• [Data under study]
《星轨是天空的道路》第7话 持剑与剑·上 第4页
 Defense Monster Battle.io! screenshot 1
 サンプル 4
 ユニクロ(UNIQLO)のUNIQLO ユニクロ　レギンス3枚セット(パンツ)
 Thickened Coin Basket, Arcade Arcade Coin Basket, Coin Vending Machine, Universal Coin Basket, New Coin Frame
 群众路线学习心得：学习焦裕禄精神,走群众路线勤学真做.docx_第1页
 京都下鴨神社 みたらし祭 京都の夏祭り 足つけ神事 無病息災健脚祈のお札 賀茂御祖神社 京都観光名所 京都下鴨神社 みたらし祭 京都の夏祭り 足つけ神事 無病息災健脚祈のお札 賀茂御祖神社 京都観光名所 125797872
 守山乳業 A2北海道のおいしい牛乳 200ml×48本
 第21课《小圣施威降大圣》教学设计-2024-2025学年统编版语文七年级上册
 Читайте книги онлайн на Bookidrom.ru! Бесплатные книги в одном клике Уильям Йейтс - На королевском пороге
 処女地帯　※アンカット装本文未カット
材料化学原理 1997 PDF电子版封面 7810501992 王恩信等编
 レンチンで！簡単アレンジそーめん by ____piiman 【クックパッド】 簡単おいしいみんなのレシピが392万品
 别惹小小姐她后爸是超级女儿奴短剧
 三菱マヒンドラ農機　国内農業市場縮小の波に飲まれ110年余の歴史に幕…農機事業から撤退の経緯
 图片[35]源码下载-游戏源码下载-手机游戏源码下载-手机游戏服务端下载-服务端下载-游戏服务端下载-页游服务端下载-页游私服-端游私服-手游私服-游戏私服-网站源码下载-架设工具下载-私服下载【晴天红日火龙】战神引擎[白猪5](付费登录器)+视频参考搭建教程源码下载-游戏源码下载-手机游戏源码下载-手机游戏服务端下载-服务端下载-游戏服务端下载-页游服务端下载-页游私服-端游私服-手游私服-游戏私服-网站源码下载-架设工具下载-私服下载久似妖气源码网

• [The problem] A verbatim output of all the data above is needed.

• [Written solution]
《星轨是天空的道路》第7话 持剑与剑·上 第4页
 Defense Monster Battle.io! screenshot 1
 サンプル 4
 ユニクロ(UNIQLO)のUNIQLO ユニクロ　レギンス3枚セット(パンツ)
 Thickened Coin Basket, Arcade Arcade Coin Basket, Coin Vending Machine, Universal Coin Basket, New Coin Frame
 群众路线学习心得：学习焦裕禄精神,走群众路线勤学真做.docx_第1页
 京都下鴨神社 みたらし祭 京都の夏祭り 足つけ神事 無病息災健脚祈のお札 賀茂御祖神社 京都観光名所 京都下鴨神社 みたらし祭 京都の夏祭り 足つけ神事 無病息災健脚祈のお札 賀茂御祖神社 京都観光名所 125797872
 守山乳業 A2北海道のおいしい牛乳 200ml×48本
 第21课《小圣施威降大圣》教学设计-2024-2025学年统编版语文七年级上册
 Читайте книги онлайн на Bookidrom.ru! Бесплатные книги в одном клике Уильям Йейтс - На королевском пороге
 処女地帯　※アンカット装本文未カット
材料化学原理 1997 PDF电子版封面 7810501992 王恩信等编
 レンチンで！簡単アレンジそーめん by ____piiman 【クックパッド】 簡単おいしいみんなのレシピが392万品
 别惹小小姐她后爸是超级女儿奴短剧
 三菱マヒンドラ農機　国内農業市場縮小の波に飲まれ110年余の歴史に幕…農機事業から撤退の経緯
 图片[35]源码下载-游戏源码下载-手机游戏源码下载-手机游戏服务端下载-服务端下载-游戏服务端下载-页游服务端下载-页游私服-端游私服-手游私服-游戏私服-网站源码下载-架设工具下载-私服下载【晴天红日火龙】战神引擎[白猪5](付费登录器)+视频参考搭建教程源码下载-游戏源码下载-手机游戏源码下载-手机游戏服务端下载-服务端下载-游戏服务端下载-页游服务端下载-页游私服-端游私服-手游私服-游戏私服-网站源码下载-架设工具下载-私服下载久似妖气源码网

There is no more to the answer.